With that in mind, I think Jeralyn is simply looking at this case as she would any case, as a defense attorney. Remember that she defended Timothy McVeigh, and did that in such a conscientious way that she continued to defend him even when he did not want to be (during the death penalty phase). And I really admired her for that, because I am such an ardent opponent of the death penalty; even for the likes of Timothy McVeigh.
AGAIN….what Jeralyn is doing is just being a suck-up to defense attorney jargon and games. Remember her defense of some of the most indefensible characters on her blog. Sorry all….but FDL has been a constant light and beacon for truth and FACTS…right now Jeralyn is ignoring facts so she can have it both ways. She does it on shows where she has appeared ALL THE TIME>…..
Jeralyn says (in her post’s conclusion),
“The smartest thing the defense did at trial was not to put Libby on the stand and subject him to what surely have been a withering cross-examination by Fitzgerald. The dumbest thing the Government did was charge too narrow a case and not indict Cheney along with Libby.

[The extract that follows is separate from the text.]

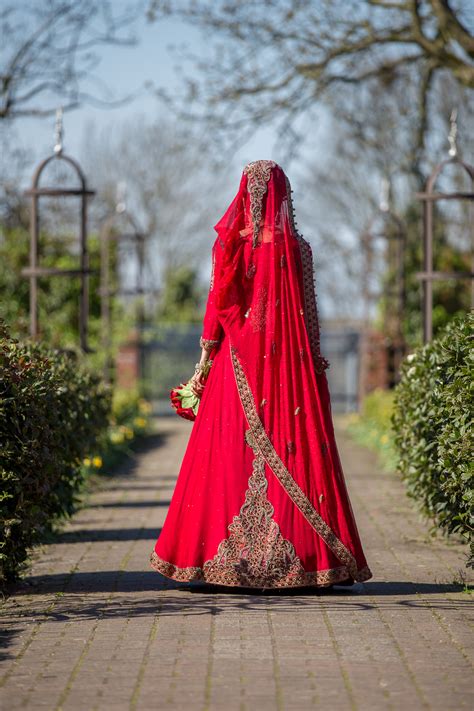 Pakistani Mehendi And Bridal Portrait Photography Manchester — Osp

In other words, Fitzgerald missed the forest for the trees. Maybe he thought the case wasn’t there. But in charging such a stripped down version solely against Libby, I have to believe at least one juror, like me, will have a reasonable doubt and refuse to convict.
Will I be disappointed if there’s an acquittal? Yes, but in Fitzgerald, not the system. And if there’s a conviction? Then I’ll be disappointed in the Judge, for refusing to allow a memory expert to testify at trial. As much as I might prefer it otherwise, this case was about memory and reasonable doubt, not about the conspiracy that was proven to exist at the Administration’s highest levels of power.”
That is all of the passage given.